HUG: When you describe blue screen and lighting fore-screen, you’re not talking back projection?

PF: No, an actual blue screen. They would use a photochemical process to isolate the foreground and replace the background to do that.

HUG: The shot in Inception, where everything goes zero-g. It’s seamless.

PF: That was kind of real old school stuff, because Stanley Kubrick had worked out a lot of this stuff for 2001, and one of the key things there, is the way that the set was built. So you’ve got the corridor set, and we had a version of it on it’s end, so the floor becomes the wall, and then the performers are dropped in on the set on wires from the far end of the set. The camera is on the floor looking up at them, so their pendulum type action, actually becomes them bouncing from walls to the floor to things, and that’s a much more convincing zero gravity look than if they’d shot it vertically, with the cameras looking sideways. The great thing also is because you’re looking up at them, the wires are behind them, so you can generally hide a lot of the wires, and then we paint out the other stuff.

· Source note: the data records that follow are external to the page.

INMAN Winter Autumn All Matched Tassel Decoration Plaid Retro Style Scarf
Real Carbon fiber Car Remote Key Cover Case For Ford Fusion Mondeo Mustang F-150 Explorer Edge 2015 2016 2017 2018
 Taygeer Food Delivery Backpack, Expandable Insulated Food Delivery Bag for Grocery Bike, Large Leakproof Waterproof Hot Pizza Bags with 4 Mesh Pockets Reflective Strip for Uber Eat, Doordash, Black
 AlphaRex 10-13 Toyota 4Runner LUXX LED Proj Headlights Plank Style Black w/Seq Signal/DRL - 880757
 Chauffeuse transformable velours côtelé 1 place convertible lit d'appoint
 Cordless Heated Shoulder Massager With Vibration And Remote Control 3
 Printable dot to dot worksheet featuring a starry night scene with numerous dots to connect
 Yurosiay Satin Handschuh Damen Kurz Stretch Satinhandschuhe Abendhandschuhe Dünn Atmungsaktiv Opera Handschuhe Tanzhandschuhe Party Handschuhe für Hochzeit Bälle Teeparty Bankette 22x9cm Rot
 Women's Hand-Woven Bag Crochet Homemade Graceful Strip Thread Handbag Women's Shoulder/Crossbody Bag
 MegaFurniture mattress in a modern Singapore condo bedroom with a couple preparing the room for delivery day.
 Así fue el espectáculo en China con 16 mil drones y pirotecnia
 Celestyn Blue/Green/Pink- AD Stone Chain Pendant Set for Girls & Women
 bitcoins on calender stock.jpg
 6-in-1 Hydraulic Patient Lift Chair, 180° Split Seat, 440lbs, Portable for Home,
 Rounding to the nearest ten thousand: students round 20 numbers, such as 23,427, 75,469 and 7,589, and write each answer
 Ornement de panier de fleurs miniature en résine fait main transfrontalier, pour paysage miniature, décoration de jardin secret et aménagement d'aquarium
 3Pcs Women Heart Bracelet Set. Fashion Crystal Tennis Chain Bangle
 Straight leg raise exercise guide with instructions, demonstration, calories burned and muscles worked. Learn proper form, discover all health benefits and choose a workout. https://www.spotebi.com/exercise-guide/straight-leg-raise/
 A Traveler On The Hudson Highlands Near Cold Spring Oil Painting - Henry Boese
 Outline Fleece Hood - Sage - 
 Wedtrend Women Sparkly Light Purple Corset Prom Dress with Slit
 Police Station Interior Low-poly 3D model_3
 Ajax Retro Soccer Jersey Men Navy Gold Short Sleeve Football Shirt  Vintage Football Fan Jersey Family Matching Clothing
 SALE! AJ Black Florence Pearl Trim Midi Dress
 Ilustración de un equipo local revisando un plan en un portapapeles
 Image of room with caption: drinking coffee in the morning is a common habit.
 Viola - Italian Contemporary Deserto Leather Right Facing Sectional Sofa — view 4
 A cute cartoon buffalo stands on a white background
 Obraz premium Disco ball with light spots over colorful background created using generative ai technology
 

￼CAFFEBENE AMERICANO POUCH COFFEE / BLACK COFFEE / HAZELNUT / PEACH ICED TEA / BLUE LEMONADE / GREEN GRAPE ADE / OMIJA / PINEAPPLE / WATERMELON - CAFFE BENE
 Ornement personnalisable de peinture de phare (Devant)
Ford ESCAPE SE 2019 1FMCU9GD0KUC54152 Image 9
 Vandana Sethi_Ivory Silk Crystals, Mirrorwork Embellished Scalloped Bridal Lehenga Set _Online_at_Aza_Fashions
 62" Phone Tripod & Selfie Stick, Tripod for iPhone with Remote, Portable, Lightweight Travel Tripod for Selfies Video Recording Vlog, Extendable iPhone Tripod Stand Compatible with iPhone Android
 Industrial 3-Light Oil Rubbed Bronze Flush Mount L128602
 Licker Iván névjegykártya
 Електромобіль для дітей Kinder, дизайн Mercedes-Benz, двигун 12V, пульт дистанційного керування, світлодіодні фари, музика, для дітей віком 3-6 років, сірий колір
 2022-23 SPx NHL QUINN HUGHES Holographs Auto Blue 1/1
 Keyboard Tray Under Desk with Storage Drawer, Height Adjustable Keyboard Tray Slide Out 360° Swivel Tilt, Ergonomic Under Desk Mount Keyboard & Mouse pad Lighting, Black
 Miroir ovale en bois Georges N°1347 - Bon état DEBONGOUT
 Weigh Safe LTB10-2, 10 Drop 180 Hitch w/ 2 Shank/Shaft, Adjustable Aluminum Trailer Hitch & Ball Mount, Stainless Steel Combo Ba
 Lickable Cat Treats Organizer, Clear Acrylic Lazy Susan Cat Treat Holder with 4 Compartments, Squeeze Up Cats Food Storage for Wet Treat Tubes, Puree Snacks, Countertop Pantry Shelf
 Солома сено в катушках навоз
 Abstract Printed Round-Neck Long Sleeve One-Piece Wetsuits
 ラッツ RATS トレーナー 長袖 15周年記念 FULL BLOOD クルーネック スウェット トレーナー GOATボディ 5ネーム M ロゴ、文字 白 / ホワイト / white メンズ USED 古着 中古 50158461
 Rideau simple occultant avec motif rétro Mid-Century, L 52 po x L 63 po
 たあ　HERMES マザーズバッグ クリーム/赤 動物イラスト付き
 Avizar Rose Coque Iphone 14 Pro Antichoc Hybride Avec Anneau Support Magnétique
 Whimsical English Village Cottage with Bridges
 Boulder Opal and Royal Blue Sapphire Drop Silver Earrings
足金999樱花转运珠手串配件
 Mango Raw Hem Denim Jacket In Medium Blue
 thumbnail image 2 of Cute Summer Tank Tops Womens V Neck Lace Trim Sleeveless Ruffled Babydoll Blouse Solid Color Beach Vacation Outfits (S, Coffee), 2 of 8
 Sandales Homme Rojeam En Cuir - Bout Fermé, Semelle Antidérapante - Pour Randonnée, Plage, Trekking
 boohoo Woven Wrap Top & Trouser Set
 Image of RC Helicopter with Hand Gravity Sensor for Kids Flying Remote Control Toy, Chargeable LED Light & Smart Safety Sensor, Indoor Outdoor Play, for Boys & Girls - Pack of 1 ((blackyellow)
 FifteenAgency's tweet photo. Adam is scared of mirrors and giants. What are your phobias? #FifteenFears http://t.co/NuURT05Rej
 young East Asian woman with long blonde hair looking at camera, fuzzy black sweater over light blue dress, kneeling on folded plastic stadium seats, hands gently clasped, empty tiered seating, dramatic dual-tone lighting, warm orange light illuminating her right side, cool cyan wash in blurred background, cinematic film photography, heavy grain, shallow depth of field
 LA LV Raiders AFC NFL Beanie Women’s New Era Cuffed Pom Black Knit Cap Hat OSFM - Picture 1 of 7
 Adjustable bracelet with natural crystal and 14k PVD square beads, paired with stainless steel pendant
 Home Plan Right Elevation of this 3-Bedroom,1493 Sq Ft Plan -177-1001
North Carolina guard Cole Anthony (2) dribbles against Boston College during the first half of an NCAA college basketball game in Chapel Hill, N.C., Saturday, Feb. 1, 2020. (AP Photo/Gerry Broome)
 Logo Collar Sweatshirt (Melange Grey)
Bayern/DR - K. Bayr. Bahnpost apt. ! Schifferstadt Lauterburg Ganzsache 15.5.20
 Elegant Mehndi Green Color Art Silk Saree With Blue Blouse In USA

The difference between 2001 and our film, is that 2001, because they were limited through various other techniques, it’s all very stately and sedate. With our movie, we have all of these fantastic hydraulic camera rigs and things, so we can push the camera up into the action, and follow the actors up into the set. When the corridor is rotating, the camera is actually clamped to the floor, and is running along a track that goes with the set, so it dollies back and forth, and it produces this fantastic dynamic look. Then what we do digitally, is we can fix the backgrounds, where the wires can be seen, and we can add little gags like, you know stuff coming out of the hotel trolley, and stuff floating around. Little drops of blood coming off of Ken Watanabe’s mouth and things like that. Which then helps confuse you as to which way is up, which way is down.

Ultimately, the core of it, is this, again, shooting it for real, this reserved reality. Then we make our visual effects fit in with the style of everything else that’s been done, rather than imposing something else upon it. The Special Effects and the Stunt Department did a fantastic job, Tom Struthers’ wirework was amazing, and Joseph Gordon-Levitt was incredible. He trained really hard for that; he worked out intensively with the Stunt crew for about eight weeks, and pretty much everything you see that was supposed to be Arthur, Jo’s character, that’s actually Jo, he did all of his own stunts. The Stunt crew made him a t-shirt: ‘I do all my own stunts’, because it was true.